McGrath LJ, Kshirsagar AV, Cole SR, Wang L, Weber DJ, Stürmer T, Brookhart MA. Influenza Vaccine Effectiveness in Patients on HemodialysisAn Analysis of a Natural Experiment. Arch Intern Med. 2012;172(7):548-554. doi:10.1001/archinternmed.2011.2238
Author Affiliations: Department of Epidemiology, Gillings School of Global Public Health (Ms McGrath and Drs Cole, Weber, Stürmer, and Brookhart), Divisions of Nephrology and Hypertension (Dr Kshirsagar) and Infectious Diseases (Dr Weber), Department of Medicine, and The Cecil G. Sheps Center for Health Services Research (Dr Wang), University of North Carolina, Chapel Hill.
Background Although the influenza vaccine is recommended for patients with end-stage renal disease, little is known about its effectiveness. Observational studies of vaccine effectiveness (VE) are challenging because vaccinated subjects may be healthier than unvaccinated subjects.
Methods Using US Renal Data System data, we estimated VE for influenza-like illness, influenza/pneumonia hospitalization, and mortality in adult patients undergoing hemodialysis by using a natural experiment created by the year-to-year variation in the match of the influenza vaccine to the circulating virus. We compared vaccinated patients in matched years (1998, 1999, and 2001) with a mismatched year (1997) using Cox proportional hazards models. Ratios of hazard ratios compared vaccinated patients between 2 years and unvaccinated patients between 2 years. We calculated VE as 1 − effect measure.

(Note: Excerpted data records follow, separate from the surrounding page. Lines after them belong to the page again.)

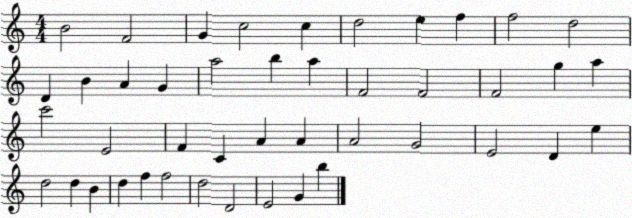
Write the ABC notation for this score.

X:1
T:Untitled
M:4/4
L:1/4
K:C
B2 F2 G c2 c d2 e f f2 d2 D B A G a2 b a F2 F2 F2 g a c'2 E2 F C A A A2 G2 E2 D e d2 d B d f f2 d2 D2 E2 G b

Results Vaccination rates were less than 50% each year. Conventional analysis comparing vaccinated with unvaccinated patients produced average VE estimates of 13%, 16%, and 30% for influenza-like illness, influenza/pneumonia hospitalization, and mortality, respectively. When restricted to the preinfluenza period, results were even stronger, indicating bias. The pooled ratio of hazard ratios comparing matched seasons with a placebo season resulted in a VE of 0% (95% CI, −3% to 2%) for influenza-like illness, 2% (−2% to 5%) for hospitalization, and 0% (−3% to 3%) for death.
Conclusions Relative to a mismatched year, we found little evidence of increased VE in subsequent well-matched years, suggesting that the current influenza vaccine strategy may have a smaller effect on morbidity and mortality in the end-stage renal disease population than previously thought. Alternate strategies (eg, high-dose vaccine, adjuvanted vaccine, and multiple doses) should be investigated.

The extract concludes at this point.